The proposition is too broadly stated. The rule, as affirmed by the highest judicial decision, is to the effect that when the National Government, in the exercise of the powers granted by the above constitutional provision, acquires land *308by purchase, for any of the enumerated purposes, with the consent of the state, expressed through its legislature, the grant carries with it exclusive jurisdiction over the place, and all state rights and sovereignty are excluded therefrom; and residents therein are alien to the state making the grant. Fort Leavenworth R. Co. v. Lowe, 114 U. S. 525, 5 Sup. Ct. 995; Mitchell v. Tibbetts, 34 Mass. 298; Commonwealth v. Clary, 8 Mass. 72; Sinks v. Reese, 19 Ohio St. 306.

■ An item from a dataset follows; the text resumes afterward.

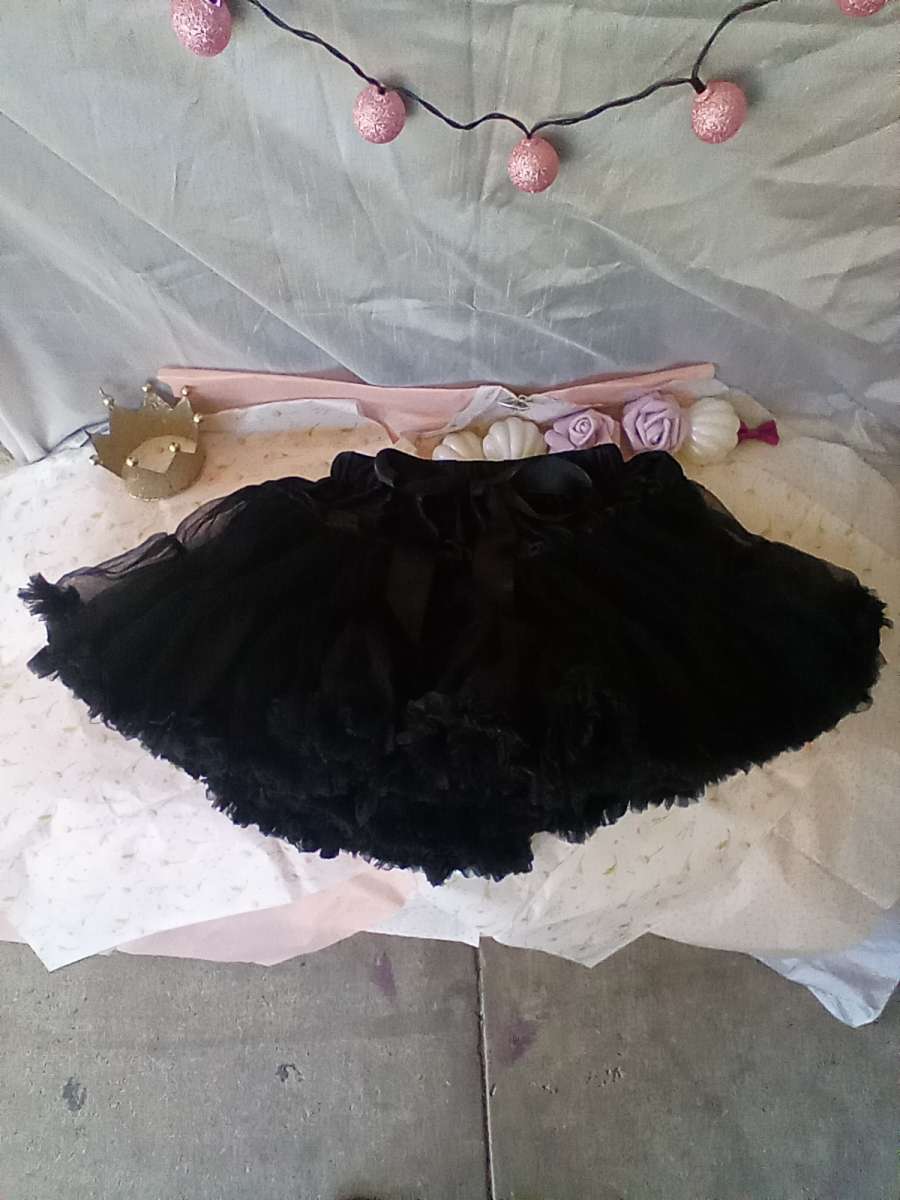 0 to 1yrs Black TuTu Pettiskrt EUC Bow Cinches Waist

But when the United States acquires land for any of such purposes, without the consent of the state, either by purchase, or by the exercise of the right of eminent domain, the National Government takes and holds the land as an ordinary proprietor, except with such superior rights and powers as are essential to the accomplishment of the national purpose as limited by the act of Congress authorizing the purchase. Fort Leavenworth R. Co. v. Lowe, supra; People v. Godfrey, 17 Johns. 225; Renner v. Bennett, 21 Ohio St. 431, 2 Story on Const. (5th ed.), §1227.

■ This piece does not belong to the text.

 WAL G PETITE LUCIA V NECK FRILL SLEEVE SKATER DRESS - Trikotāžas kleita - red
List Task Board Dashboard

The doctrine is that a state can not be deprived of sovereignty over the territory within its borders without its free consent indicated by some positive act of cession. It is said in People v. Godfrey, supra: “This jurisdiction can not be acquired tortiously or by disseisin of the state; much less can it be acquired by mere occupancy, with the implied or tacit consent of the state, when such occupancy is for the purpose of protection.” Story, supra, says: “If there has been no cession by the state of the place, although it has b'een constantly occupied and used under purchase or otherwise, by the United States, for a fort or arsenal or other constitutional purpose, the state jurisdiction still remains complete and perfect.”

That the United States may own and use places for the purposes specified, without jurisdiction over the territory, and while the jurisdiction remains in the state, is held by the following authorities: Commonwealth v. Young, Bright. (Pa.) 302; Clay v. State, 4 Kan. 49; People v. Godfrey, 17 Johns. *309225; United States v. Ames, 1 Woodb. & Minot 76; Renner v. Bennett, 21 Ohio St. 431, 446.

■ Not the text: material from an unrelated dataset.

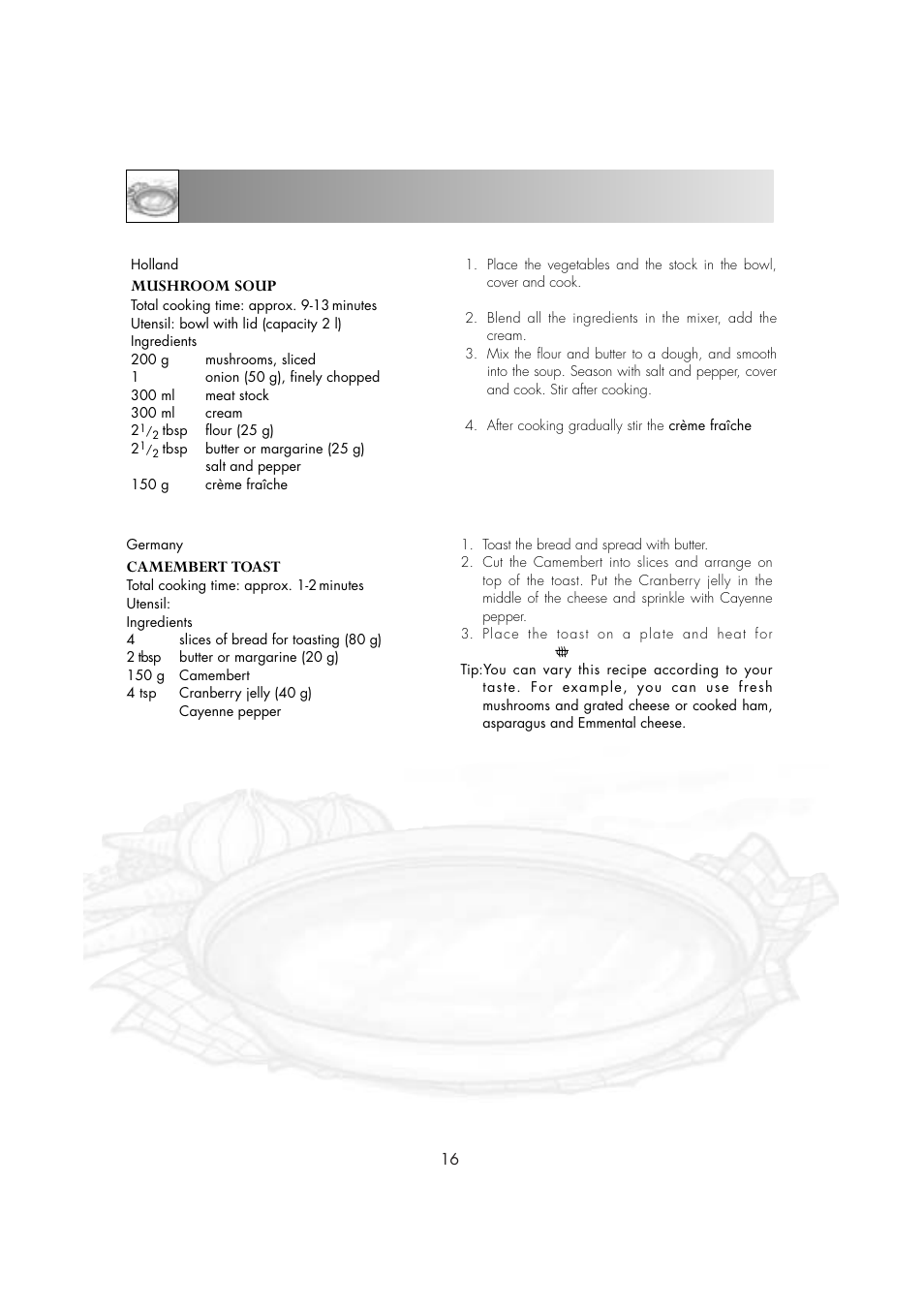 Recipes | Sharp ENGLISH R-605 User Manual | Page 18 / 30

If then, the United States can and does hold and use land purchased for “needful-buildings,” sometimes with, and sometimes without having jurisdiction over the place, it follows that use and jurisdiction are not necessarily concurrent and inseparable. To hold that they must inseparably coexist would be to hold that the Rational Government may sequester the sovereignty of a state — for sovereignty means general jurisdiction, — and no court has gone so far as to hold that Congress may seize and condemn the jurisdiction or sovereignty of a state, although it may undoubtedly condemn and take property, both real and personal. So, then, in acquiring places for needful buildings, jurisdiction over the place becomes a matter of treaty and may follow or be withheld from the grant as the state making the grant may elect; and the sequence from this is that jurisdiction is non-essential to the purpose authorized by the last clause of section 8 of article 1, now under consideration. Neither does this section, either expressly or by implication, exclude the power of Congress to retrocede the unnecessary jurisdiction it has power to accept.

And the power of Congress to receive jurisdiction, not required by the government purpose, necessarily involves the power to transfer it. That Congress has constitutional sanction to retrocede to the states jurisdiction over such places, has been often judicially declared: McLaughlin v. Bank of Potomac, 7 Grat. 68; Foley v. Shriver, 81 Va. 568; Fort Leavenworth R. Co. v. Lowe, 114 U. S. 525, 5 Sup. Ct. 995; Clay v. State, 4 Kan. 49; Crook v. Old Point, etc., Co., 54 Fed. 604; People v. Godfrey, 17 Johns. 225; 2 Story on Const. (5th ed.), §1328; Renner v. Bennett, 21 Ohio St. 431. We concur in this view of the law and hold that Congress had constitutional authority to recede to the State the territory in question.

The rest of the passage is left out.